I crossed to the Bahamas more times than I remember in a 20' Dusky w/ a single 175. Many times without a buddy boat. Just got to watch the weather, make SURE you have the range, and be ready to cancel if the weather isn't gonna be good. That's the hardest part. You've got a trip planned, been looking foward to it, excited about going, and it can be really tempting to go when the weather looks marginal. You got to know when to call it off, or stay in closer than planned, despite the temptation. Your boat's plenty big enough if you follow the suggestions of the posters on this thread.


----------



## Parker Phoenix (Feb 16, 2011)

grouper throat said:


> I agree. I wouldn't consider going very far away from shore in this but to each their own.  I was naive at one time too and one day in a 21' boat I thought it was going to cost me my life out there.



I have been in 30 footers that I thought I wasn't gonna make it back in. Things happen. Study the weather, know your and the boats limitations, and use common sense. You'll be fine.


----------



## grouper throat (Feb 16, 2011)

Things happen for sure but it's always better to overcompensate for the worst when it comes to offshore fishing. Experience is the key here and there's only one way to obtain that. 

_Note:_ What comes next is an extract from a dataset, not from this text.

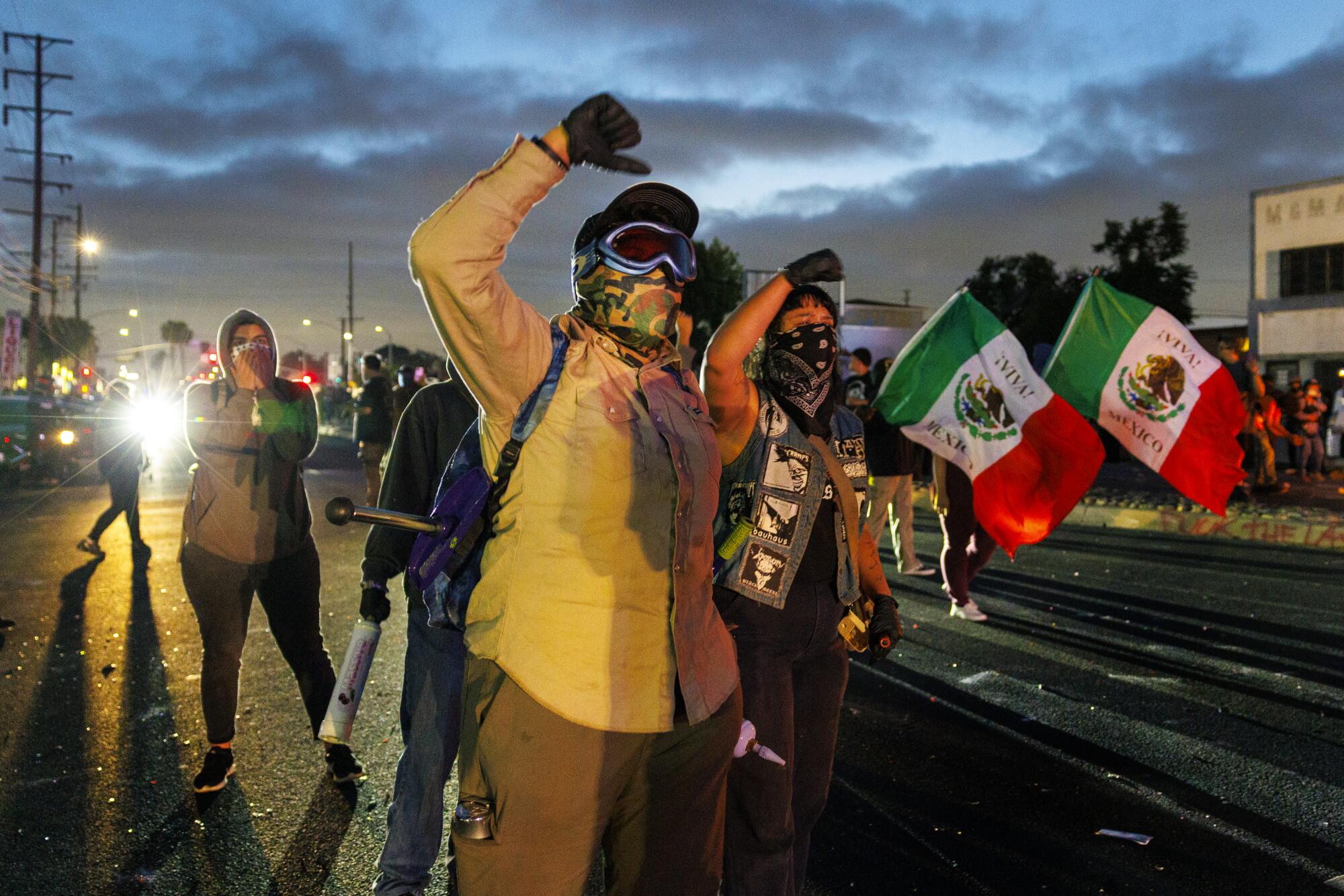 Protesters with their hands in the air next to two Mexico flags.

I'm starting to see why it's nearly all non-locals that end up dying or sinking offshore in our local waters. I'm not trying to preach or question anyone's ability but it's better out there to error on the side of safety.


----------



## Parker Phoenix (Feb 17, 2011)

grouper throat said:


> Things happen for sure but it's always better to overcompensate for the worst when it comes to offshore fishing. Experience is the key here and there's only one way to obtain that.
> 
> I'm starting to see why it's nearly all non-locals that end up dying or sinking offshore in our local waters. I'm not trying to preach or question anyone's ability but it's better out there to error on the side of safety.



Non locals? C'mon get real. Where you live has nothing to do with issues at sea. I'll agree on the experiance part though. When I first bought my boat, the entire first year I would not leave the sight of land. I learned my boat, I learned to deal with issues that could and do arise out at sea. Thunderstorms, failed bildge pumps, battery failures, learning how to read by bottom machine, how to use my GPS, and most importantly the rules of the road and proper boating procedures. 

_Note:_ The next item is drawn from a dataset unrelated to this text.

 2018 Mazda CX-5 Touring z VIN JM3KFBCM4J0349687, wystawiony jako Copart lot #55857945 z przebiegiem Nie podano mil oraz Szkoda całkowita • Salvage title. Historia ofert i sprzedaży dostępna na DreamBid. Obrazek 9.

But it's  not just members of the Georgia Navy 
 who die. I could name just as many incidents with locals who become to comfortable with the sea who have lost their lives.


----------



## tmckenzie (Feb 17, 2011)

*Learn all you can*

Four died last weekend out of Venice La. and they had twins however they lost power to both and capsized. It was  too rough for most small craft on Saturday. You have to pick your days and do not take chances it's not worth losing your boat or your life. If you respect the sea you will not do things that you should not do and I think that is the key. P.S. hire a guide.


----------



## Parker Phoenix (Feb 17, 2011)

If you respect the sea you will not do things that you should not do 

In a nutshell. Respect being the key word. You nailed tmckenzie.


----------



## grouper throat (Feb 18, 2011)

Parker Phoenix said:


> Non locals? C'mon get real. Where you live has nothing to do with issues at sea. I'll agree on the experiance part though. When I first bought my boat, the entire first year I would not leave the sight of land. I learned my boat, I learned to deal with issues that could and do arise out at sea. Thunderstorms, failed bildge pumps, battery failures, learning how to read by bottom machine, how to use my GPS, and most importantly the rules of the road and proper boating procedures.
> 
> But it's  not just members of the Georgia Navy
> who die. I could name just as many incidents with locals who become to comfortable with the sea who have lost their lives.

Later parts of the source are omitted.